Guest Post: Oliver Wake
Sixty years ago this week, Britain experienced one of its earliest major television drama controversies, when the BBC screened a dramatisation of George Orwell’s dystopian masterpiece 1984.* In view of this, and recent talk of at least one new film version of the novel in the works, now is a good time to look back at how 1984 has fared in its five television and film adaptations.

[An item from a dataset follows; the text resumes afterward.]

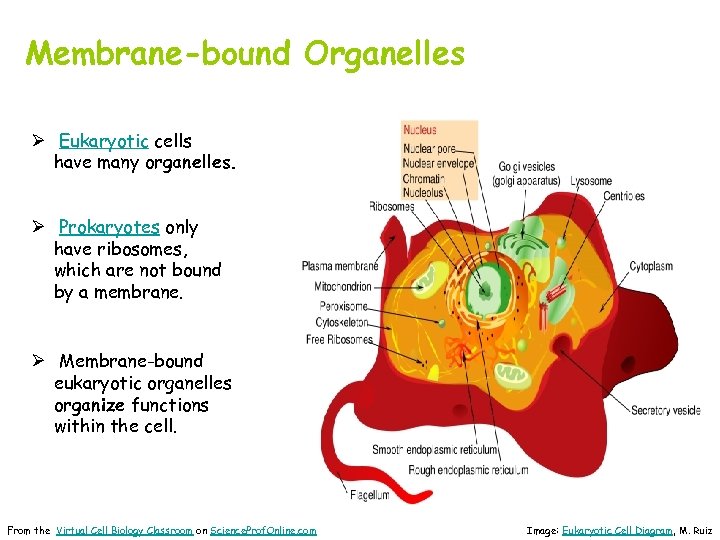 Membrane-bound Organelles Ø Eukaryotic cells have many organelles. Ø Prokaryotes only have ribosomes, which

Perhaps surprisingly, America made the first screen version of the novel, with the CBS network bringing it to television in 1953. Coming at a time of heightened anti-communist fervour, Orwell’s warning against the most extreme forms of Socialism must have appealed to television executives, but in translation to the small screen it lost most of its political dimension. Running to only 50 minutes, the live television play is more of a distilled essence of the novel than a true dramatisation.
Given the conservative nature of 1950s America, it’s unsurprising to find that William Templeton’s script downplays all the seedy and horrific elements of Orwell’s vision. The torture scenes are cursory and the interior of Room 101 remains unseen, its infamous rats reduced to mere menacing noises off. All references to sex are eliminated (ironically, the ‘anti-sex league’ becomes the ‘anti-love league’), and the word ‘Socialism’ is conspicuous only in its absence. Lacking a vocalisation of Winston’s realisation that he loves Big Brother, even Orwell’s final confirmation of Winston’s defeat is effectively omitted, softening the conclusion significantly.
The BBC were next to take on Orwell’s novel, in December 1954. On the strength of their science fiction serial The Quatermass Experiment, which had thrilled and terrified the viewing audience, 1984 was allocated to the team of dramatist Nigel Kneale and producer/director Rudolph Cartier, ensuring an uncompromising approach. Indeed, their television production included all the horror and sordidness that its 1954 audience could tolerate, and more besides. It became an overnight media sensation and cause celebre after provoking unprecedented complaints.
Although again a live broadcast, it was given all the resources of the (admittedly still primitive) BBC Television service and a generous two-hour duration, resulting in a significantly more impressive production than the CBS version. With an excellent cast that included Peter Cushing as Winston and Yvonne Mitchell as Julia, and a script that pulled few punches in its depictions of torture and the privations of Orwell’s ‘Airstrip One’, this 1984 was both compelling and faithful to its source.
It’s also worth noting that it was this production more than anything else that brought Orwell, the novel 1984 and its terminology (Big Brother, ‘thought police’, etc) to the British public’s attention. Although it may be fanciful, one contemporary newspaper report quoted 1984’s publisher claiming 20,000 extra sales of the novel in the week following the broadcast.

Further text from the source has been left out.